午後の柔らかい光の中、撮影は進んだ。彼は写真に撮られることに慣れているようだった。全身の写真を撮るときファインダーから覗く彼の均衡のとれた姿はキラキラと輝きその美しさはどこからみても完璧だった…。私とインタビュアーが待ち合わせの場所にいると約束の時間ピッタリに彼がやってきた。笑顔で挨拶をする彼は見上げるほどの長身で手足が長くファッションモデルか俳優のようだった。挨拶も早々に私たちは彼の後ろについてビルに入った。受付の女性と彼がなにかのやりとりをしていた。その姿はまるで映画のワンシーンのようだった。彼と一緒にいると私もその映画の中の登場人物になったような気分がした。インタビューが始まった。彼の声は耳当たりがよく穏やかな口調で話した。仕草は上品で笑うと顔がクシャっとなり目尻にとてもチャーミングな皺ができた。
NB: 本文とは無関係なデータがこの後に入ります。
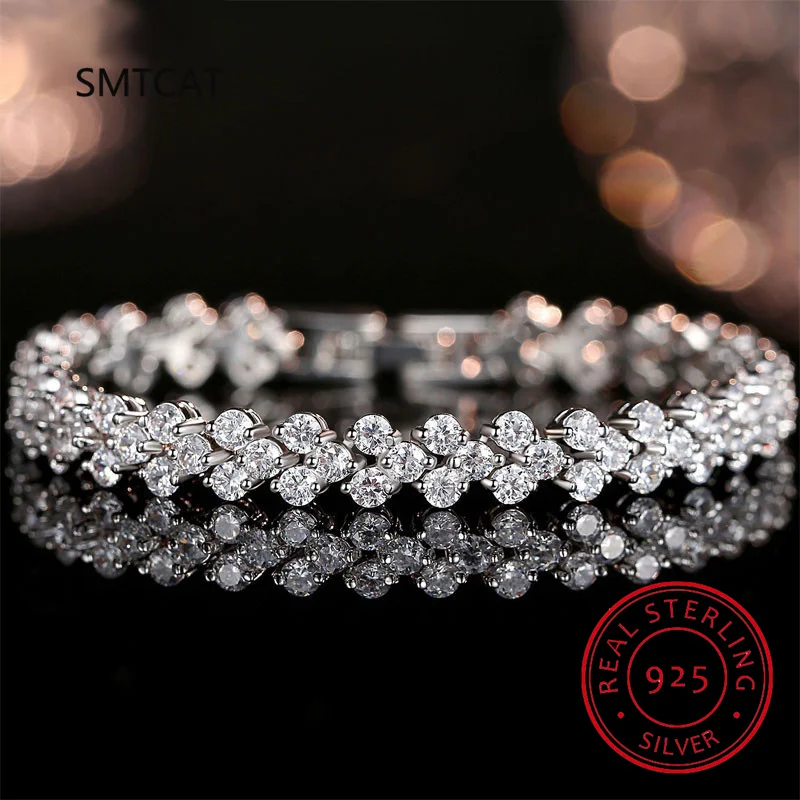 100% Solid Silver 925 Lab Diamonds Bracciali Moissanite Simulati Per Le Donne Ragazze Wedding Cocktail Party Gioielleria Raffinata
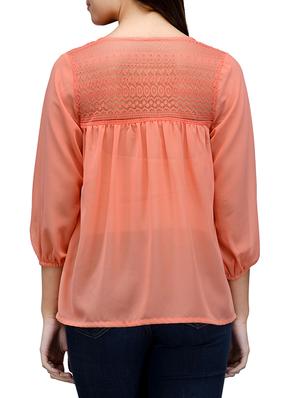 solid peach georgette regular shirt - 12394195 - Standard Image - 3
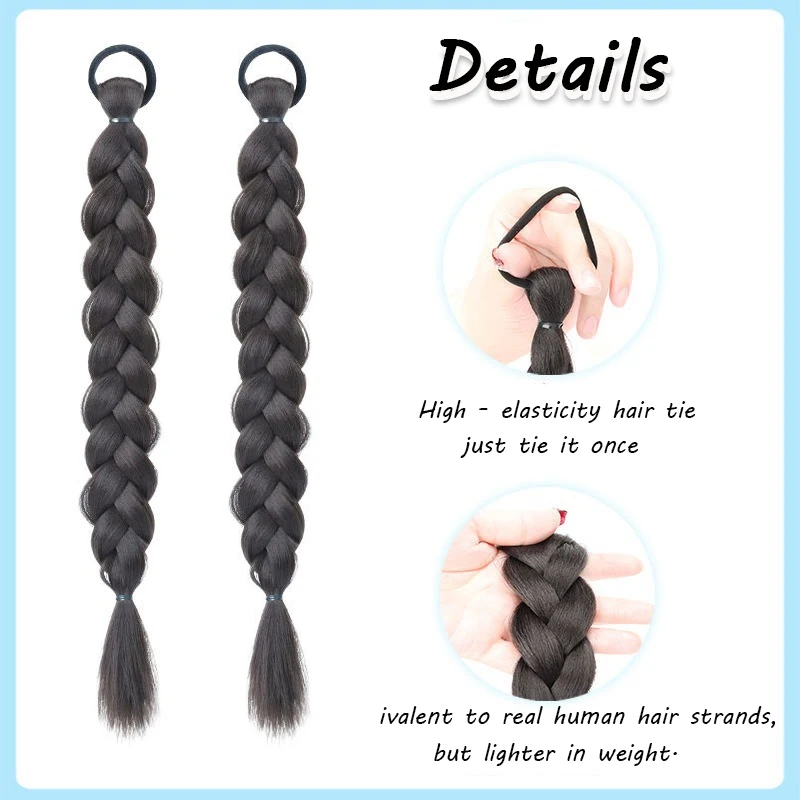 2PCS Synthetic Braided Ponytail Exytensions 18inch Long Braided Hair Pigtails with Elastic Rubber Band for Women Daily Party Use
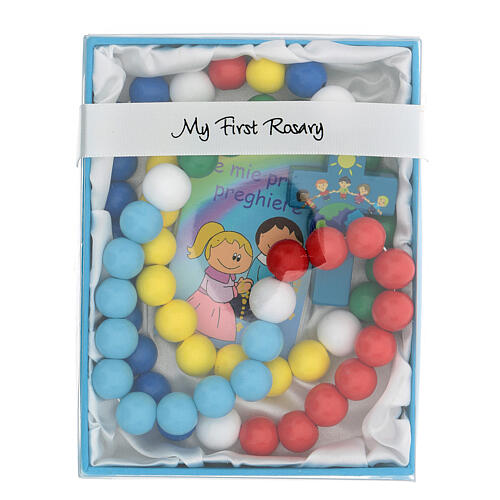 Terço contas multicoloridas madeira 15 mm com livro de orações em ITALIANO 1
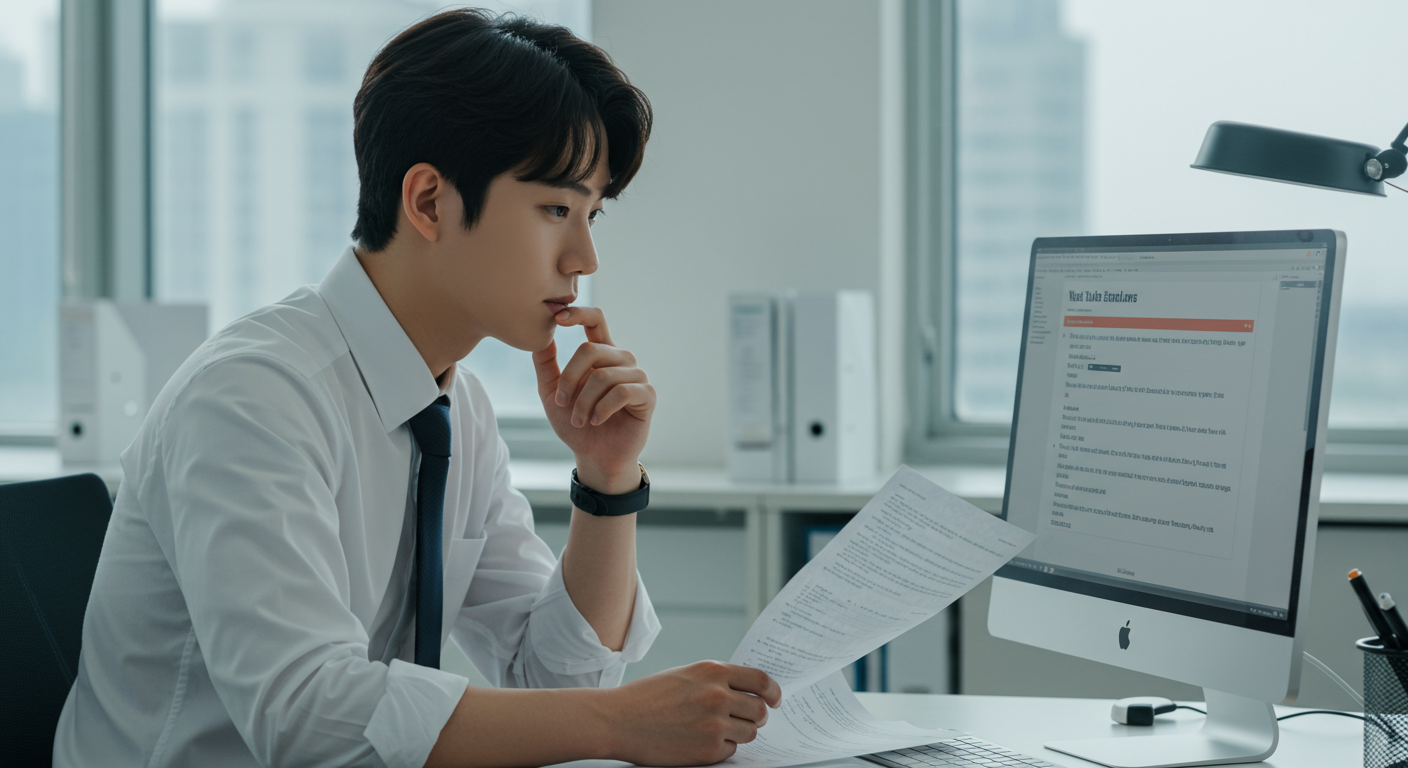 컴퓨터 화면에 유튜브 음원추출 관련 법률 문서를 검토하는 젊은 사무직원의 모습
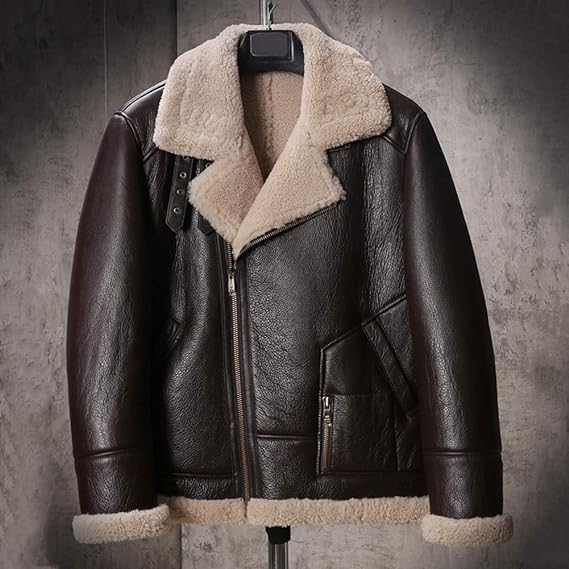 New Shearling Coat Mens B3 Bomber Jacket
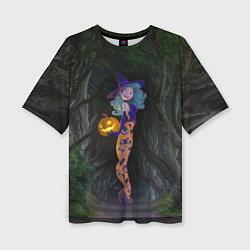 Женская футболка оверсайз Ведьма с тыквой и в крутых колготках - Halloween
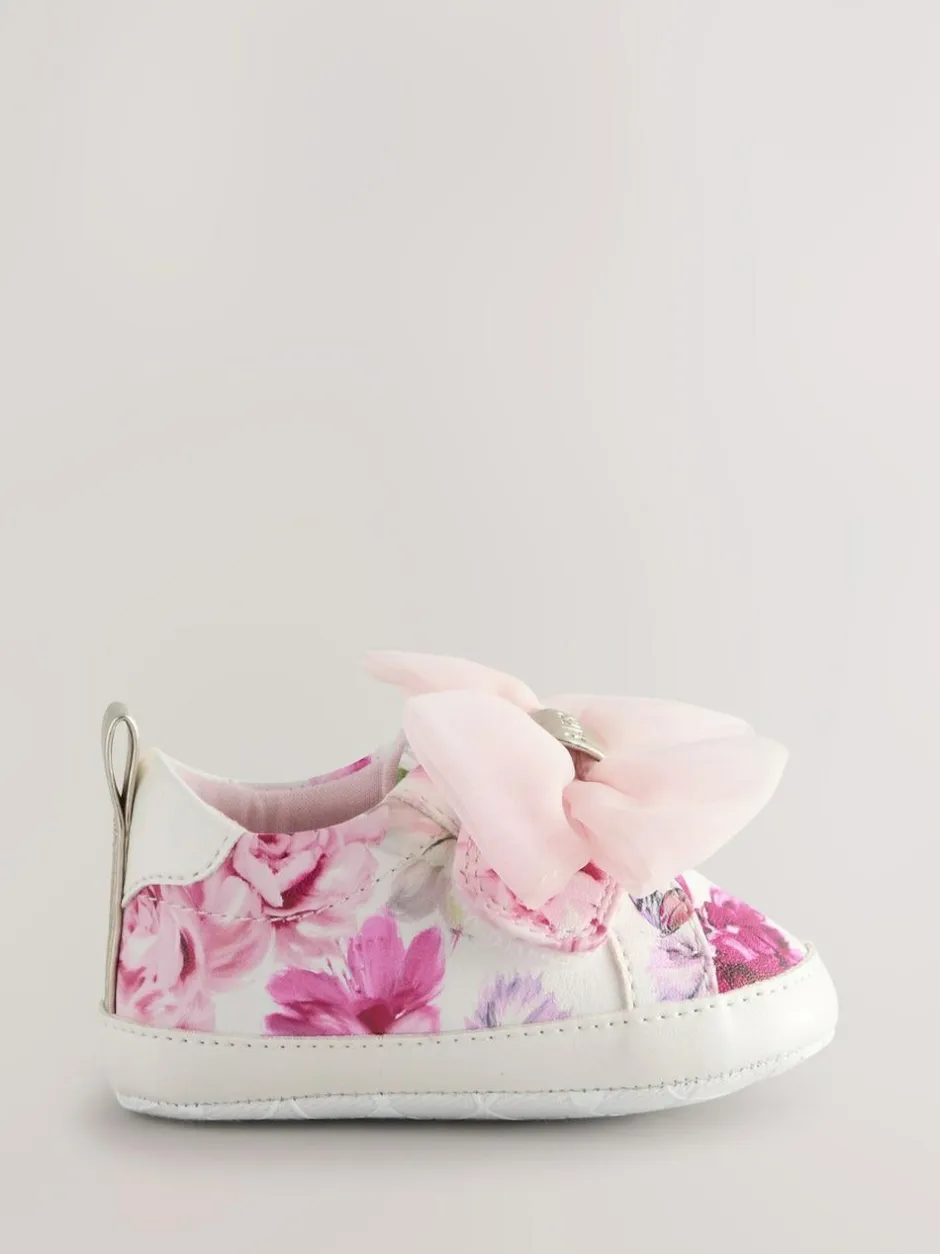 Baker by Ted Baker Baby Girls Organza Bow Padders Trainers Bright Pink/White Discount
テーブルに置かれる長い指は美術品のようだった。それだけではない。彼から語られる様々なエピソードはとても愉快で興味深いものだった。高身長、高学歴、ルックスもよくユーモアもある。まさに完璧な男ではないか…私は思わずため息をつき、同じ男として嫉妬した。しかしインタビューを聞いていると彼の口から何度も「自分にしかできないこと」というセリフが繰り返されることに私は気が付いた。そのセリフを口にするとき彼はほんの少しだが口調を強くした。完璧にみえる彼も幾度も挫折をしその度に歯を食いしばって立ち上がり自省を繰り返しながら弱点を知り「自分にしかできないこと」を愚直に追い求めているのだ。そして、彼はそれを遂に見つけて実行しようといしているのだ。完璧にみせるその姿勢や強さや努力こそが彼の本当の魅力なんだと感じた。なんだ結局、完璧ではないか…。ファインダーの中で、はにかむ彼をみて嫉妬していた自分を恥じた。